В последние годы все отчетливее начинают проступать ростки новой литературы, нового художественного мировоззрения и уже слышны крепнущие молодые голоса. Вместе с тем произошли известные сдвиги в творчестве таких писателей, как Л. Леонов, А. Иванов, П. Проскурин, Н. Тряпкин, С. Воронин и других. Прожив долгую творческую жизнь и отдав дань требованиям и условным нормам своего времени, они в девяностые более глубоко и взвешенно оценивали события прошлых десятилетий.

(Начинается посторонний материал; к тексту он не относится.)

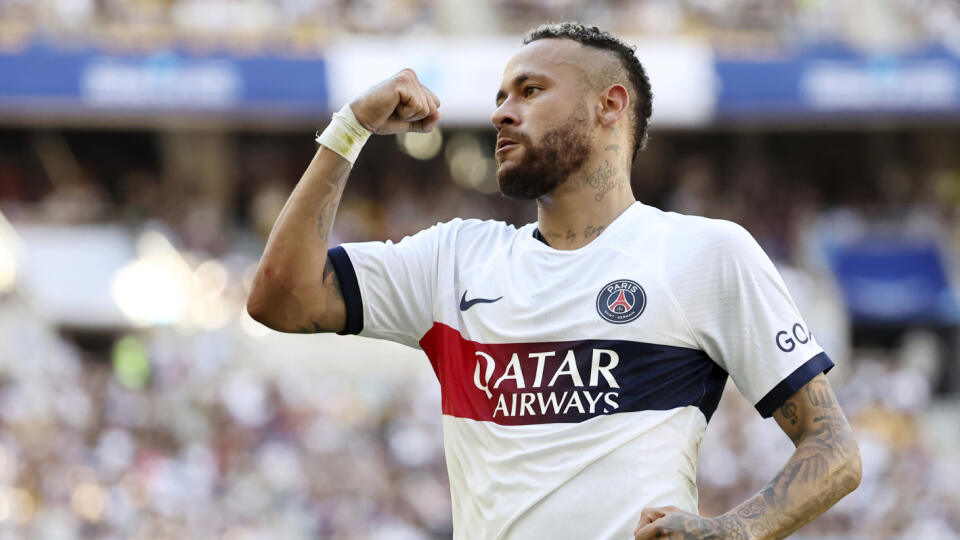 KK31 Pusan - Futbalista Neymar z Paríža St. Germain sa teší z gólu počas prípravného zápasu proti Jeonbuku Motors 3. augusta 2023 v juhokórejskom Pusane. FOTO TASR/AP
PSG's Neymar celebrates after scoring the first goal during a friendly soccer match against Jeonbuk Hyundai Motors in Busan, South Korea, Thursday, Aug. 3, 2023. (Yoon Dong-jin/Yonhap via AP)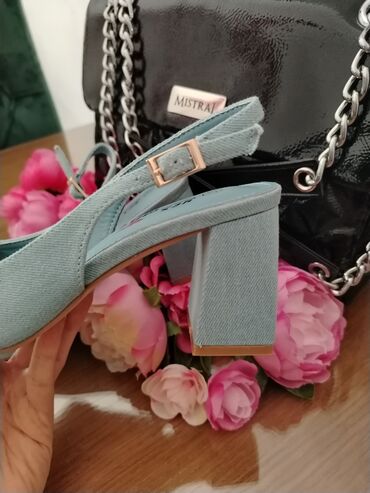 Salonke: Salonke, 37 — 10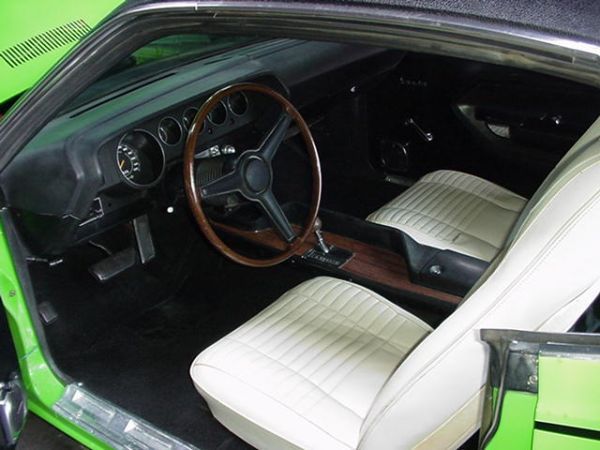 Unknown-Barracuda-1970-Green-White-3
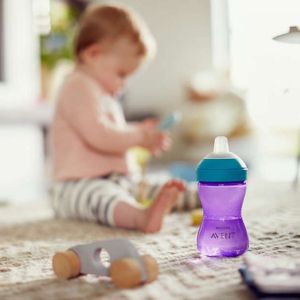 Philips Avent Неразливаща се чаша с мек накрайник 300 мл. 9+ м. лилава  0526.02
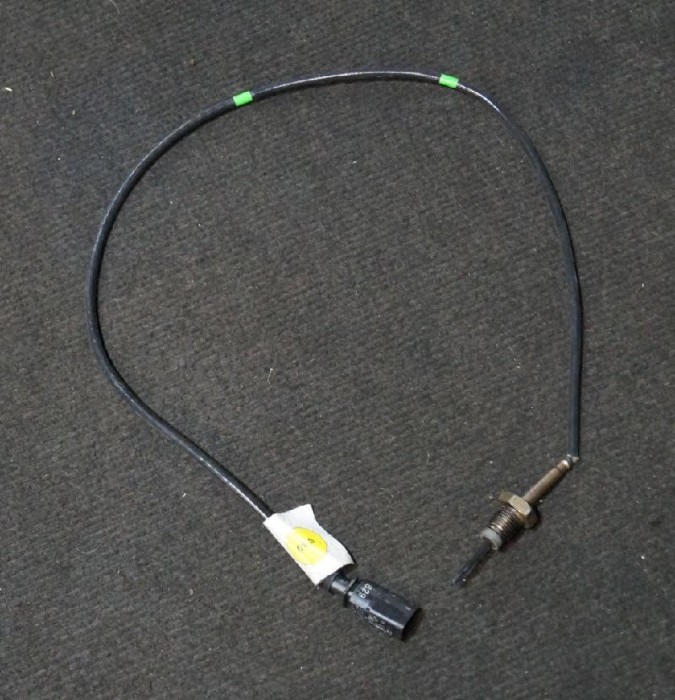 Senzor de temperatură VW JETTA MK6 162, 163 2015 OEM: 04L906088DJ | 1817511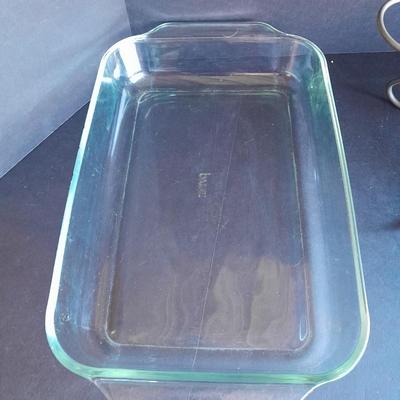 Pyrex glass cake pan and metal stand for cupcakes, candles, or whatever you desire!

Тут вспоминается полный горечи и тоски монолог довольно известного современного писателя. Познакомились мы в конце восьмидесятых. Его звезда уже клонилась к закату, хотя имя по-прежнему не сходило со страниц газет и журналов: то рассказ, то статья, то речь или отрывок из нового романа, а там, гляди, и целый роман, с небольшими перерывами печатающийся в нескольких изданиях… Но проницательный читатель безошибочно уловил в его поздних вещах отсутствие широты взгляда и замедленную реакцию на события изменяющейся жизни. Он терял остроту ощущения новизны. Чувствовал ли он это, понимал ли? В последнее время — да, если судить по некоторым оценкам своего творчества. Будучи человеком переломного времени (война, хрущевская сумятица, развал державы, губительные для России перевороты), он отличался расплывчатостью художественного мировоззрения, а порою непоследовательностью в оценке происходящих событий. Но он умел скрывать свои недостатки, свои горести и неудачи. Многие считают его человеком действия, подчиняющимся разуму и воле, неспособным, однако, к сильным внутренним переживаниям и глубоким размышлениям. Это не совсем так. Неудовлетворенность и беспокойство — его постоянные спутники. Ему присуща острая наблюдательность и тонкость суждений, несколько подкрашенных иронией… В тот вечер он казался каким-то отстраненным и грустным, что случалось с ним чрезвычайно редко. Говорил медленно и тихо. Это было похоже на исповедь.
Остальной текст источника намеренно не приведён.